Data in this exercise.
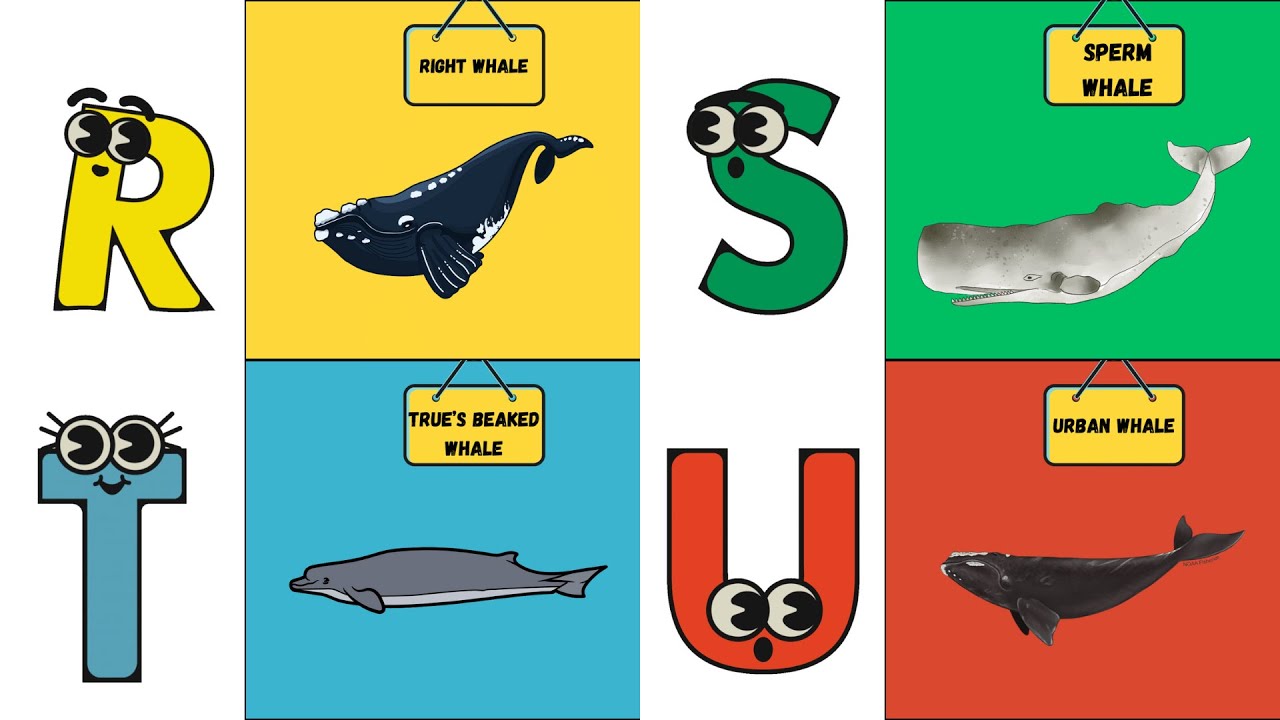 ABC Whale Song 🐳 | Learn About Amazing Whales A to Z! 🌊 | #abcd #kids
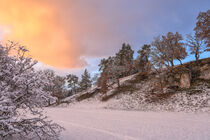 'Winterstimmung bei Bergsteig - Naturpark Obere Donau' von Christine Horn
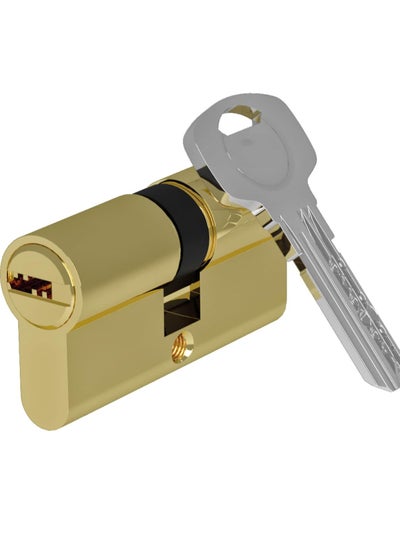 Buy Lock Cylinder 30/30mm with 5 Single Keys, Profile Cylinder Set with One Screw, Easy Mountable Lock for Doors and Garages, Length 60mm in Saudi Arabia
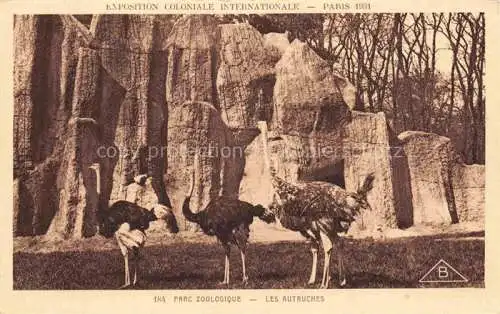 AK / Ansichtskarte Strauss Autruche Ostrich Avestruz Struzzo Voegel Birds Oiseaux Parc Zoologique 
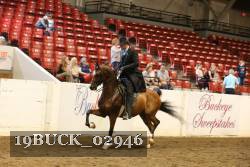 19BUCK_02946 proof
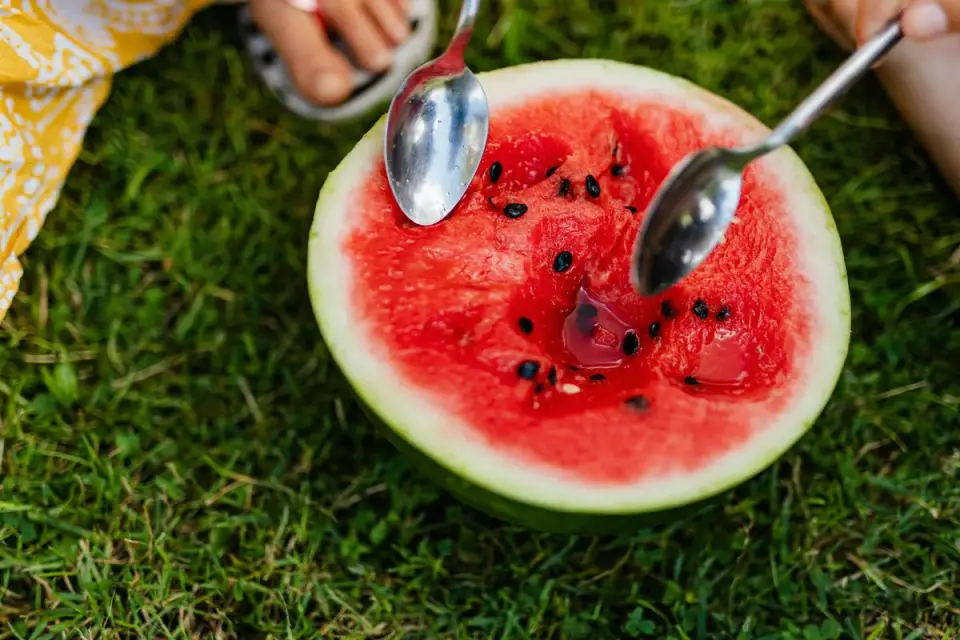 Dog sniffing a discarded watermelon rind on grass at an outdoor gathering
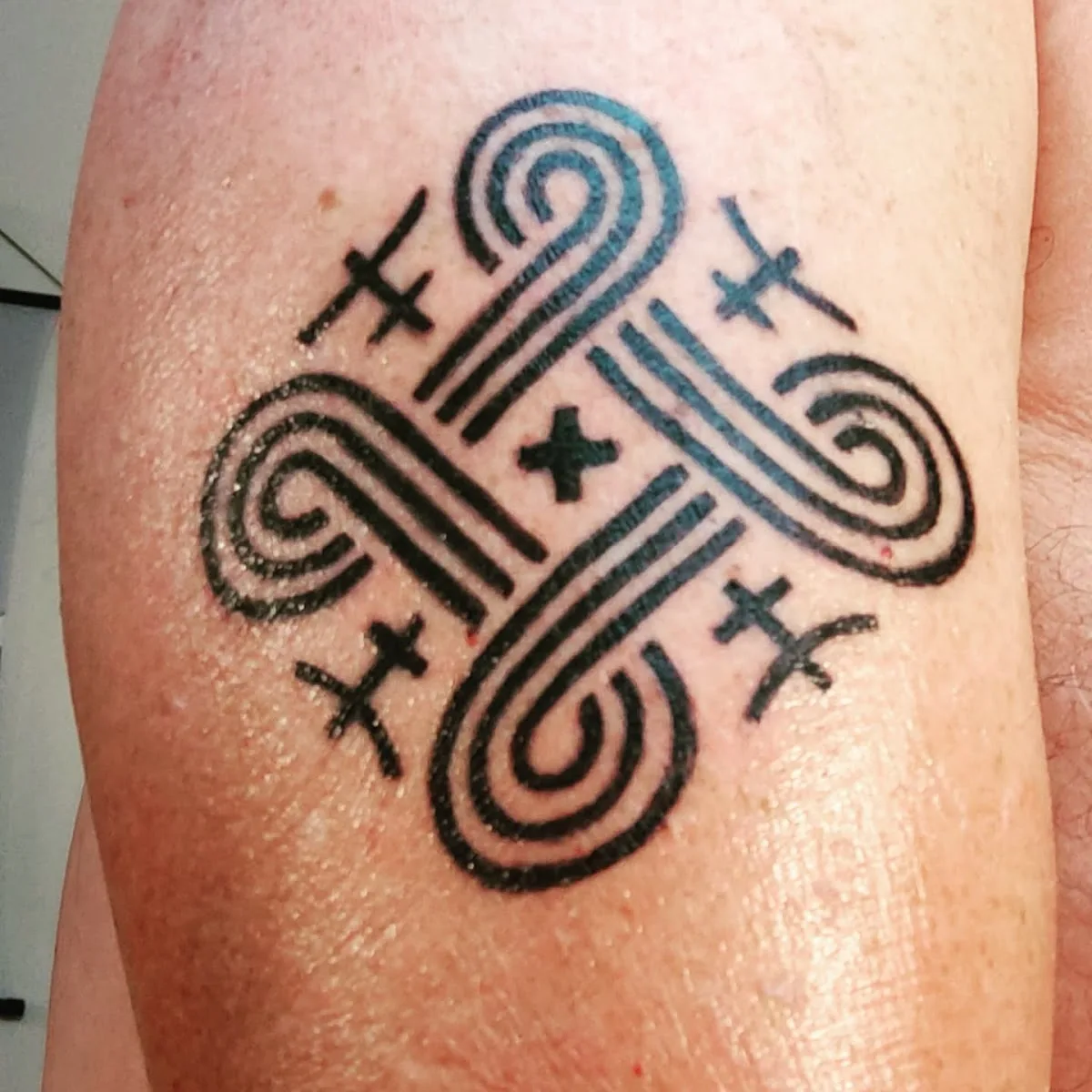 Taiga Ink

What needs to be done.
After removing the pictures, restate the whole listing above word for word.

Task response.
 ABC Whale Song 🐳 | Learn About Amazing Whales A to Z! 🌊 | #abcd #kids
 'Winterstimmung bei Bergsteig - Naturpark Obere Donau' von Christine Horn
 Buy Lock Cylinder 30/30mm with 5 Single Keys, Profile Cylinder Set with One Screw, Easy Mountable Lock for Doors and Garages, Length 60mm in Saudi Arabia
 AK / Ansichtskarte Strauss Autruche Ostrich Avestruz Struzzo Voegel Birds Oiseaux Parc Zoologique 
 19BUCK_02946 proof
 Dog sniffing a discarded watermelon rind on grass at an outdoor gathering
 Taiga Ink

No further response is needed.